Intro to R:Data Dive 7

Dataset:English Premier League

#importing libraries
library(tidyverse)
## ── Attaching core tidyverse packages ──────────────────────── tidyverse 2.0.0 ──
## ✔ dplyr     1.1.2     ✔ readr     2.1.4
## ✔ forcats   1.0.0     ✔ stringr   1.5.0
## ✔ ggplot2   3.4.3     ✔ tibble    3.2.1
## ✔ lubridate 1.9.2     ✔ tidyr     1.3.0
## ✔ purrr     1.0.2     
## ── Conflicts ────────────────────────────────────────── tidyverse_conflicts() ──
## ✖ dplyr::filter() masks stats::filter()
## ✖ dplyr::lag()    masks stats::lag()
## ℹ Use the conflicted package (<http://conflicted.r-lib.org/>) to force all conflicts to become errors
library(ggrepel)

Loading Dataset

data <-read.csv('C:/Downloads/final_dataset.csv')
colnames(data)
##  [1] "X"             "Date"          "HomeTeam"      "AwayTeam"     
##  [5] "FTHG"          "FTAG"          "FTR"           "HTGS"         
##  [9] "ATGS"          "HTGC"          "ATGC"          "HTP"          
## [13] "ATP"           "HM1"           "HM2"           "HM3"          
## [17] "HM4"           "HM5"           "AM1"           "AM2"          
## [21] "AM3"           "AM4"           "AM5"           "MW"           
## [25] "HTFormPtsStr"  "ATFormPtsStr"  "HTFormPts"     "ATFormPts"    
## [29] "HTWinStreak3"  "HTWinStreak5"  "HTLossStreak3" "HTLossStreak5"
## [33] "ATWinStreak3"  "ATWinStreak5"  "ATLossStreak3" "ATLossStreak5"
## [37] "HTGD"          "ATGD"          "DiffPts"       "DiffFormPts"

Hypothesis 1: Does the Home Team Score More Goals on Average than the Away Team.

Null Hypothesis : The mean number of goals scored by the Home Team (FTHG) is equal to or less than the mean number of goals scored by the Away Team (FTAG).

Alternative Hypothesis : The mean number of goals scored by the Home Team (FTHG) is greater than the mean number of goals scored by the Away Team (FTAG).

Alpha Level (α)=0.05 (common significance level).

Power Level (1 - β)=0.80 (common power level).

Minimum Effect Size: Let’s assume a minimum effect size of 0.5 goals per game.

data<- data %>%
  select(FTAG,FTHG)
# Calculate mean 
home_team_mean <- mean(data$FTHG)
away_team_mean <- mean(data$FTAG)
home_team_mean
## [1] 1.527485

The average number of goals scored by the home team is 1.52

away_team_mean
## [1] 1.130263

The average number of goals scored by the away team is 1.13

Conducting t-test

t_test_result1 <- t.test(data$FTHG, data$FTAG, alternative = "two.sided")
t_test_result1
## 
##  Welch Two Sample t-test
## 
## data:  data$FTHG and data$FTAG
## t = 19.13, df = 13406, p-value < 2.2e-16
## alternative hypothesis: true difference in means is not equal to 0
## 95 percent confidence interval:
##  0.3565204 0.4379240
## sample estimates:
## mean of x mean of y 
##  1.527485  1.130263
  • The p-value (2.2e-16) is significantly smaller than the alpha level (0.05).
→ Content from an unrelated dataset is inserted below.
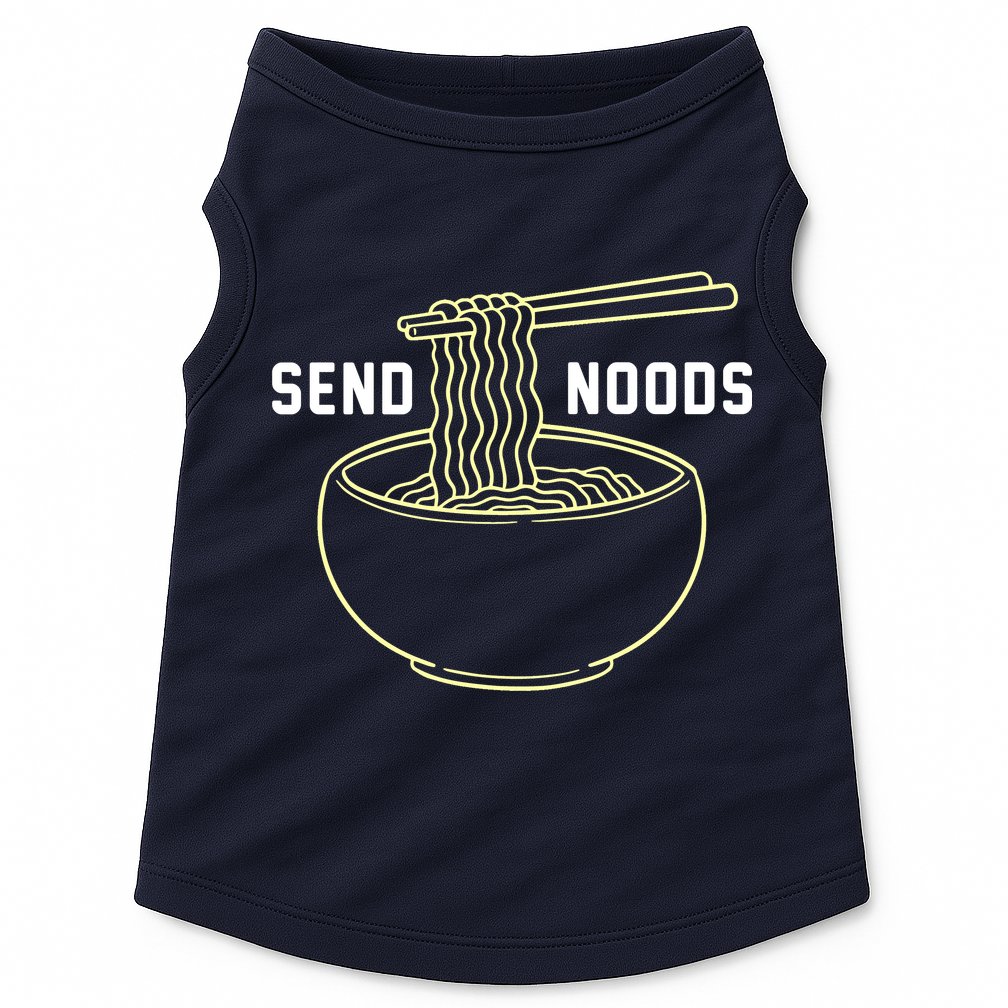 Send Noodles Funny Bowl Of Noodles Doggie Tank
This indicates an extremely undefined

  • Since the p-value is less than alpha, we reject the null hypothesis.

#Visualization 
ggplot(data, aes(x = factor(1), y = FTHG)) +
  geom_boxplot(fill = "blue", alpha = 0.5) +
  geom_boxplot(aes(x = factor(2), y = FTAG), fill = "red", alpha = 0.5) +
  labs(x = "", y = "Goals") +
  theme_minimal() +
  scale_x_discrete(labels = c("Home Team", "Away Team"))

conclusion:

Based on the analysis and the small p-value, we can conclude the following:

There is extremely strong statistical evidence to suggest that the Home Team scores more goals on average than the Away Team.
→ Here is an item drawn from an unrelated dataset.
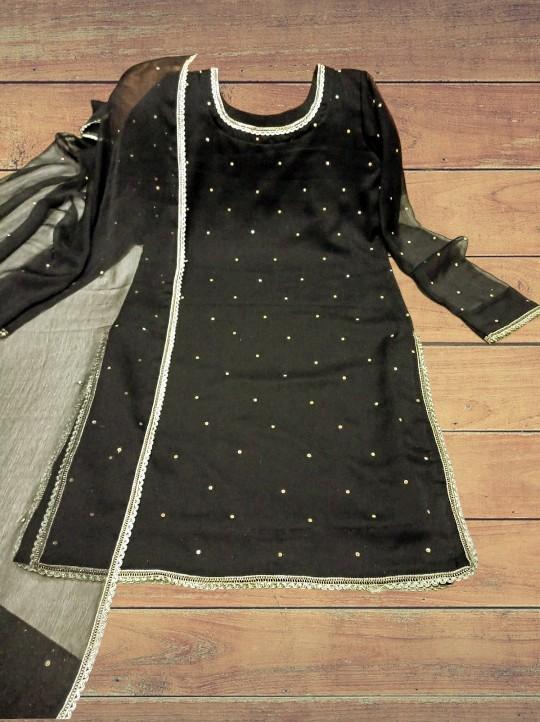 Product Introduction of Lightweight and Comfortable 3-Piece Chiffon Semi-Formal Suit with Tussle for Back Design - Fit 6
Hypothesis 2-Home Team’s win streak

Null Hypothesis : The Home Team’s win streak over the last 3 games (HTWinStreak3) is not significantly different from the Away Team’s win streak over the last 3 games (ATWinStreak3).

Alternative Hypothesis:The Home Teams win streak over the last 3 games is significantly different from the Away teams win streak over the last 3 games.

alpha level= 0.05(common significance level)

power level = 0.80(common power level)

effect_size = 1 Lets assume effective size as 1

data <-read.csv('C:/Downloads/final_dataset.csv')
data<- data %>%
  select(HTWinStreak3,ATWinStreak3)

Conducting the t-test

t_test_result2 <- t.test(data$HTWinStreak3, data$ATWinStreak3, alternative = "two.sided")
t_test_result2
## 
##  Welch Two Sample t-test
## 
## data:  data$HTWinStreak3 and data$ATWinStreak3
## t = -0.1412, df = 13678, p-value = 0.8877
## alternative hypothesis: true difference in means is not equal to 0
## 95 percent confidence interval:
##  -0.008703139  0.007533549
## sample estimates:
## mean of x mean of y 
## 0.0622807 0.0628655

Since the p-value (0.8877) is significantly greater than the alpha level we fail to reject the null hypothesis .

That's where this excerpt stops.